The Dusty Brick Hallways of Ft. Jefferson

This is Fort Jefferson in The Dry Tortugas, once a military out post and now a state park. To get here you board a ferry in Key West and spend a few hours traveling west out into the gulf. The fort encompasses almost the entire island and at one time was covered in canons to protect the interests of the U.S. and these territorial waters. At the time it was quite an undertaking to construct this lonely garrison in the middle of nowhere. The fort is made up of 16 million bricks shipped from the northeast during the 1840’s to the 1870’s and it is the largest masonry structure in this hemisphere. It’s original purpose as a military outpost was abandoned and it eventually became a prison for Union deserters, then a national park. As the name suggests The Dry Tortugas is dry, no water except what the wind and rain provide. Supplying this outpost with the essentials became too much of a burden at the time and as a result it was left to the elements. Today is it a nesting habitat for several species of migratory birds, a museum fort, camping grounds for a few hardy folk and an easy place to snorkle.

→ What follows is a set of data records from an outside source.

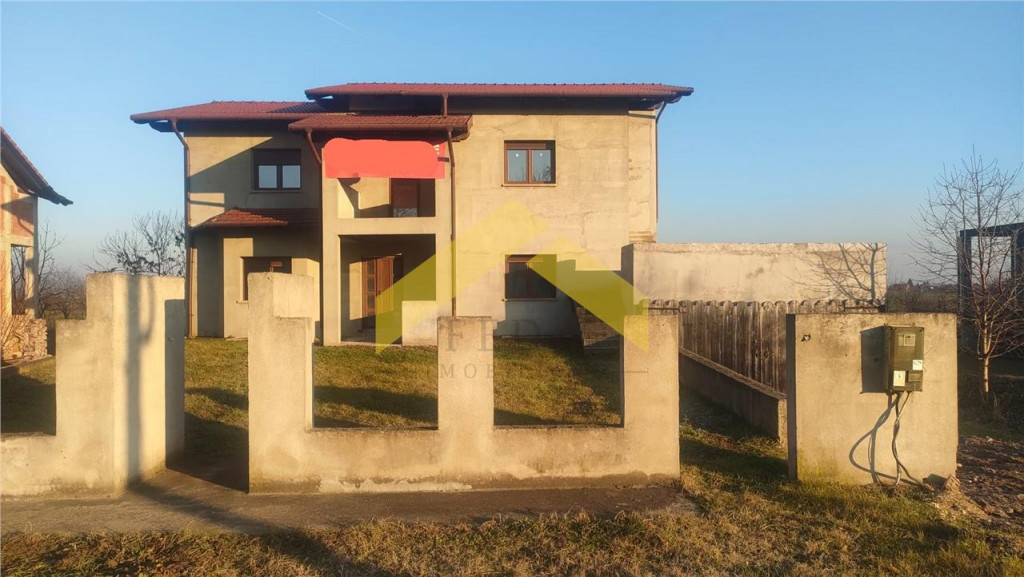 Casa la gri de localitatea Zimand Nou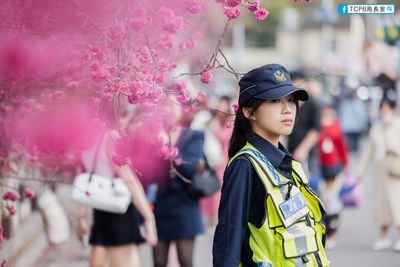 泰安櫻花祭女警「正面私房照」曝光！　小編貼出IG啦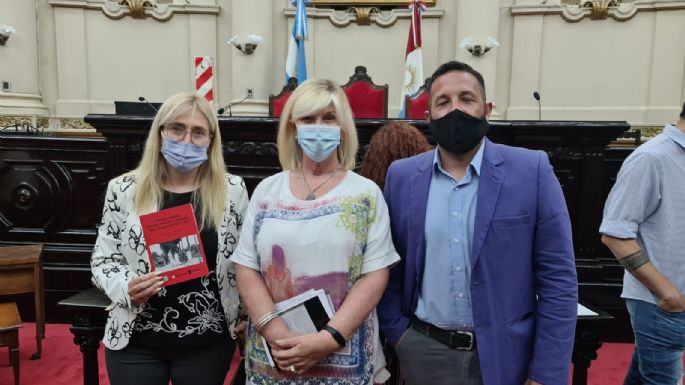 Presentaron el libro de las jornadas "Villa Nueva Investiga" en Córdoba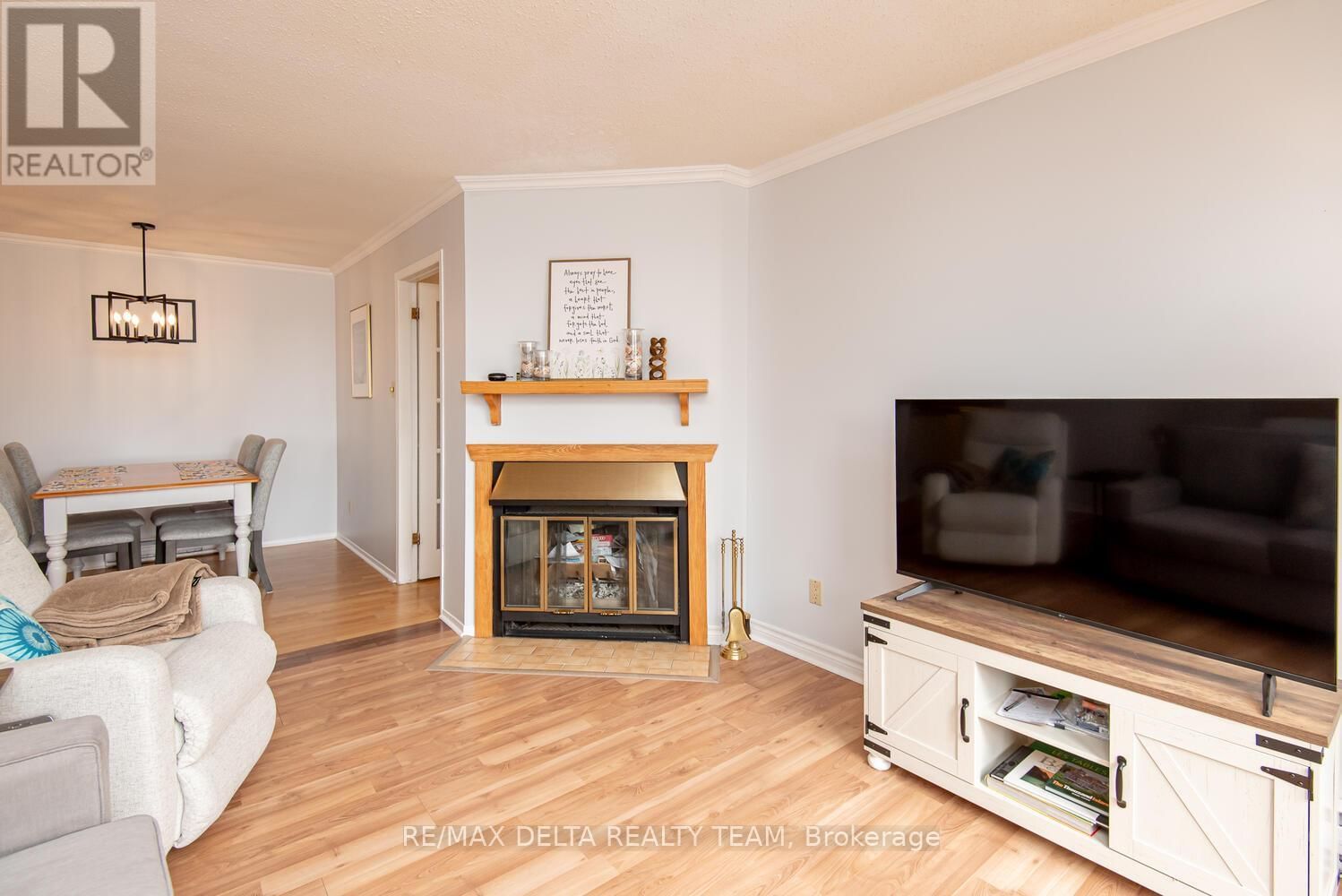 207 - 475 CANTEVAL TERRACE Image 12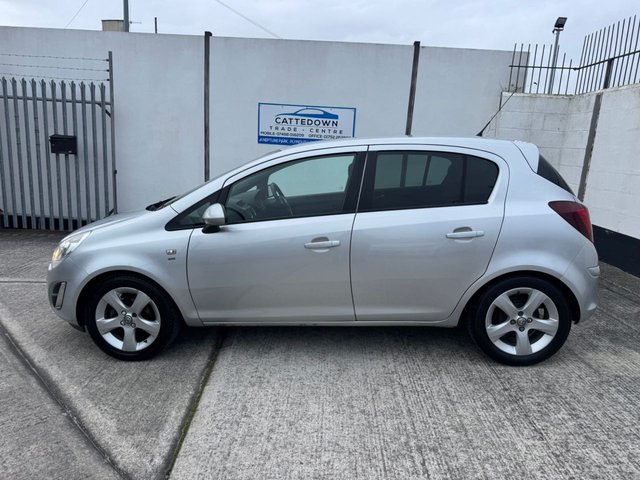 2011 Vauxhall Corsa 1.2L SXI 5dr - Photo 2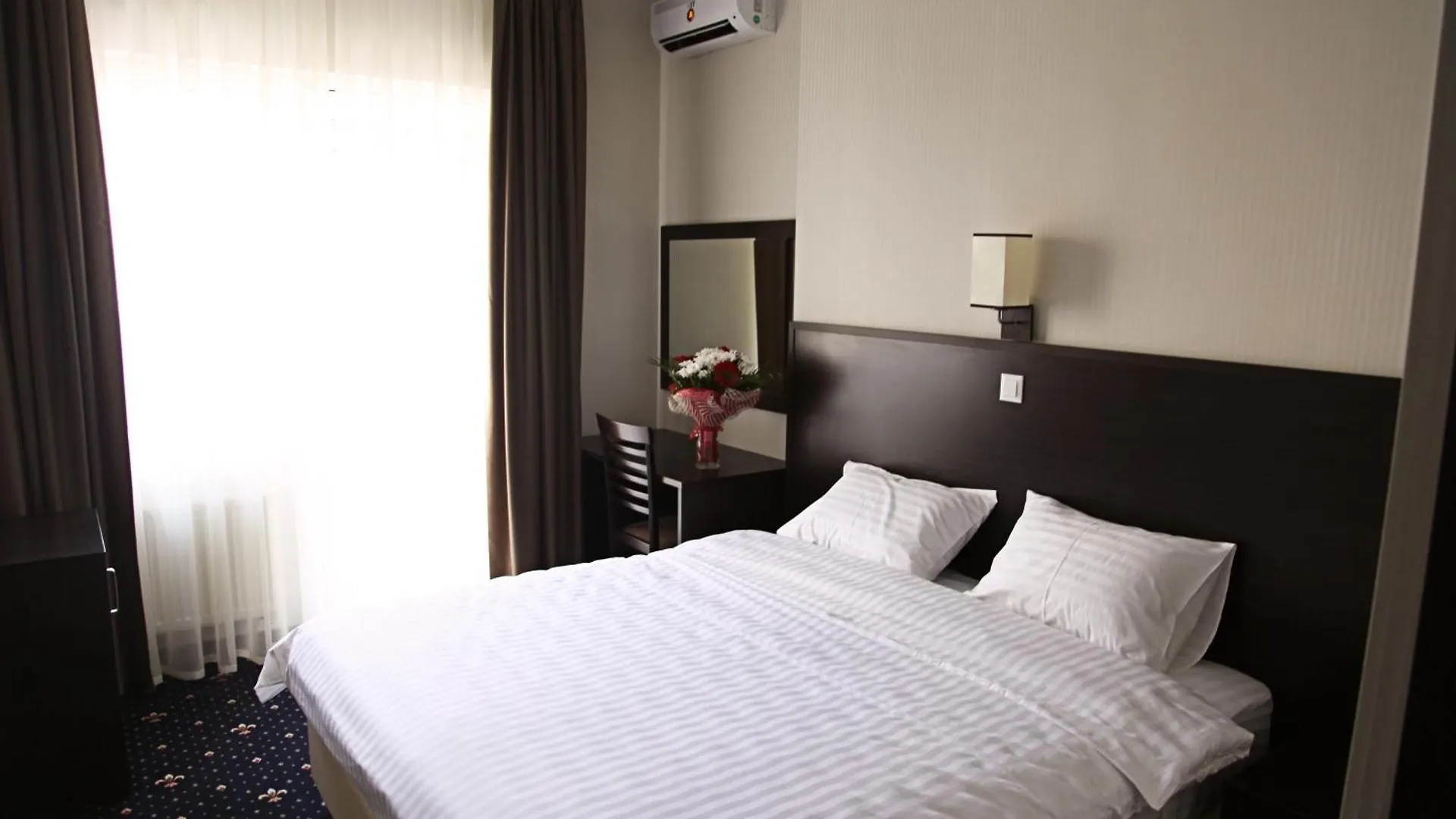 Irishotels Kiev Otel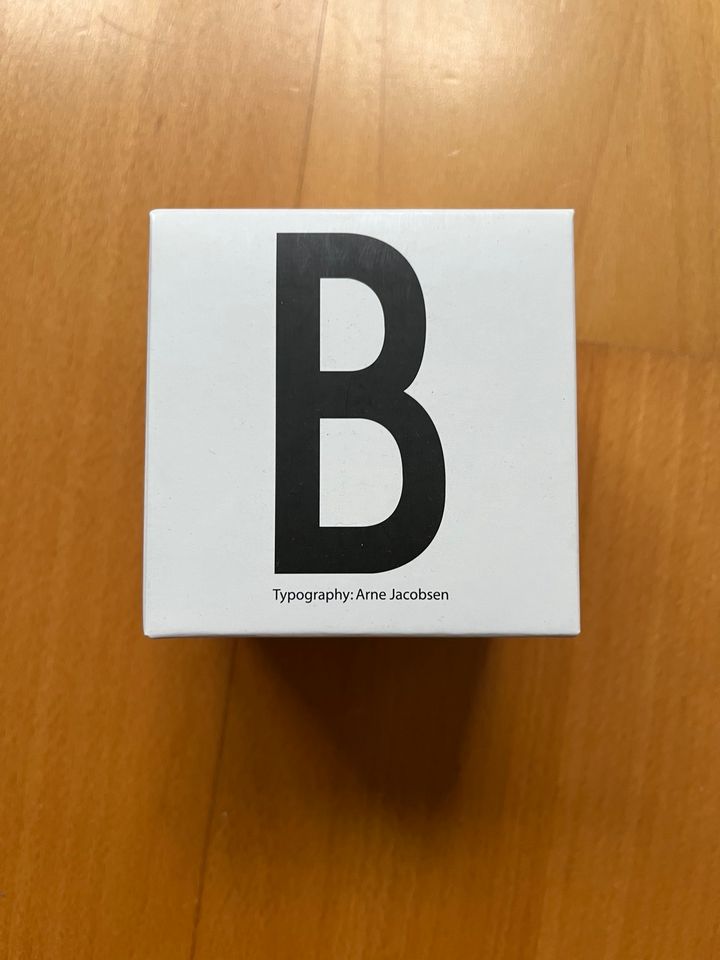 Melamin Design Letters B Kinder Becher NEU Buchstabe in Arnsberg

The shots I took look down the dusty abandoned hallways that were once filled with canons, soldiers and provisions. You can see the turret mount traces in some spots and imagine what a bustling scene it once was. I chose to develop these images as black and whites because the color for me was distracting, it took away from the light and dark, balance and play. Black and white lets one focus on the architecture, the heaviness of the brick, the endless dusty hallways and memories of times past.